Sandgren captured the centerpiece tennis match on film but used plenty of sports television-style zoom and shot with five cameras.
Photo courtesy of Fox Searchlight Pictures

Where did you get that vintage glass from?

I worked with Camtec, as I had on Joy and American Hustle. They were really great in sourcing these vintage lenses and we tested them and then they bought them and serviced and fixed them. We had a lot of great vintage lenses. We had a bunch of different Angenieux 25–250 zooms, including the really old small one that is 3.7 T-stop, so really bad, but it was a beautiful lens. We also had the next Angenieux, the HR, which was a little more of a sharp lens, while the other one was more funky. Then we had the 25–500 20x zoom. We also had some beautiful Kowa Cine Prominar spherical primes, very beautiful Japanese lenses. And we had some Canon 50–1000 zoom for the tennis match.

You didn’t shoot with anamorphic lenses, like you did on La La Land.

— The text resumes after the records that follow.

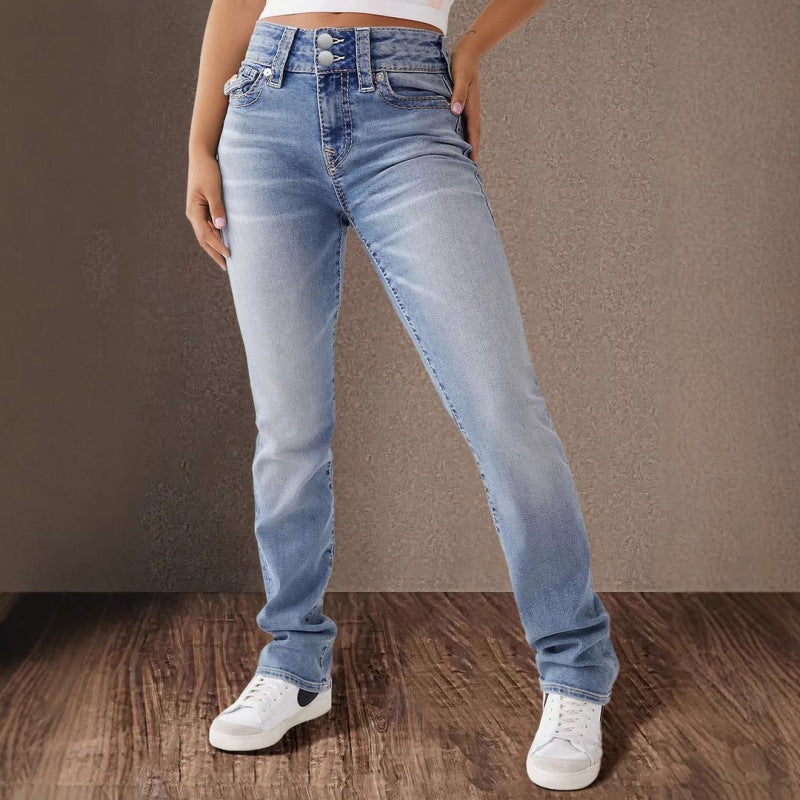 Women's High-Waisted Slim-Fit Jeans with Button Closure
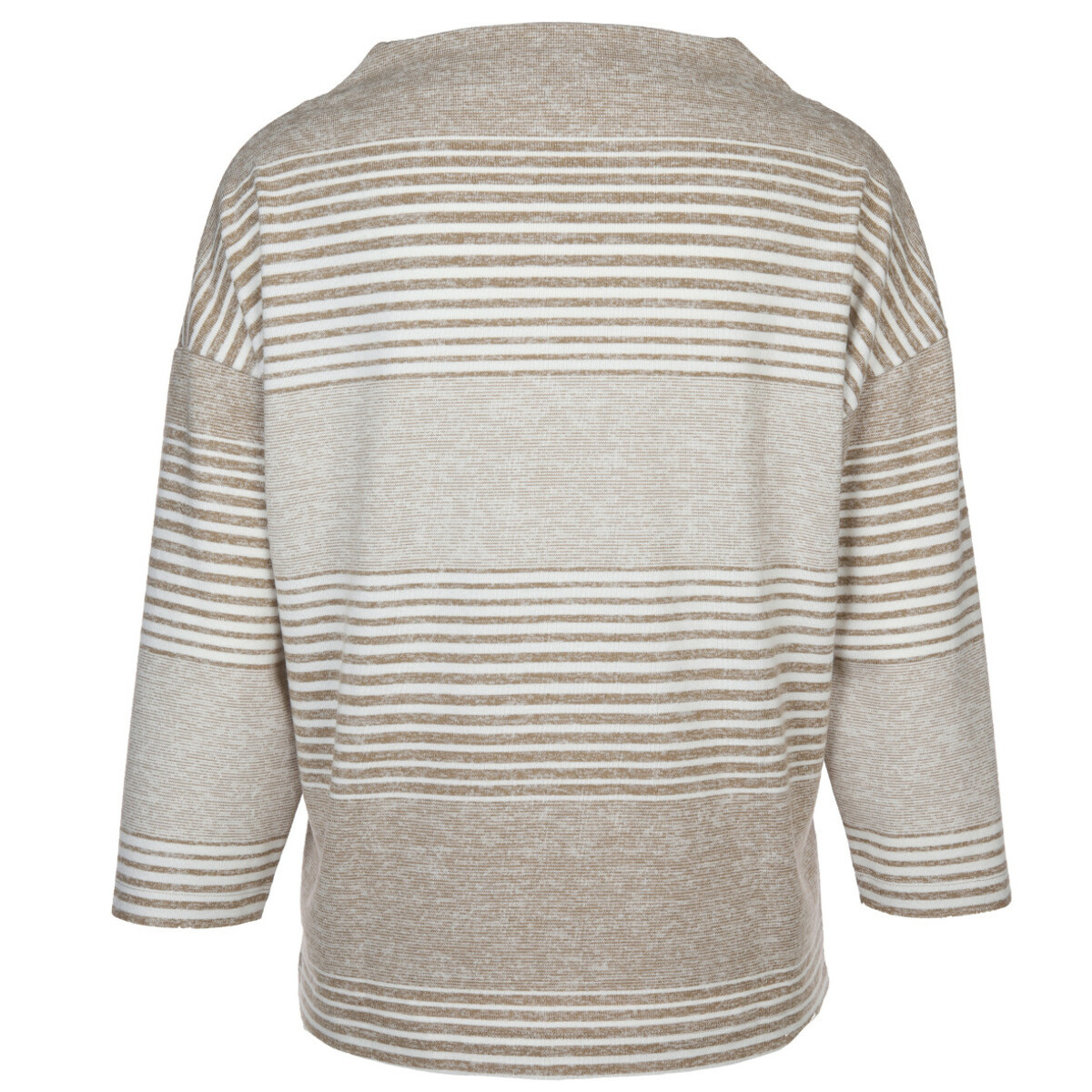 Bild 2 von Damen Flauschshirt mit Ringelmuster und 7/8 Ärmeln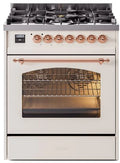 30 Dual Fuel Natural Gas Range Antique White Copper Trim N207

No, we didn’t feel anamorphics were appropriate for this film. I’m not exactly sure why, but I think it felt a little too fancy with anamorphic. In La La Land the camera was like a character constantly saying, “Hello, here I am!” It was involved in everything in that movie. Here, we shot on the Arricam LT and it was more of an observer, watching delicately. As a cinematographer, I love that you can completely change your approach, depending on what the script needs.

Were there any surprises during production, for example, something worked the way it wasn’t intended to, or vice versa?

They gave Steve Carell this prosthetic set of teeth that were an exact copy of Bobby’s real teeth. But in the camera tests, they looked way too funny. We were all laughing, but it was distracting. They had to make them much less weird. The real Bobby was much goofier is so many ways than Steve is in the film. But those elements were also sort of unbelievable, so we had to tone them down.

Steve Carrell as Bobby Riggs flouting King’s status in one of his pregame publicity stunts.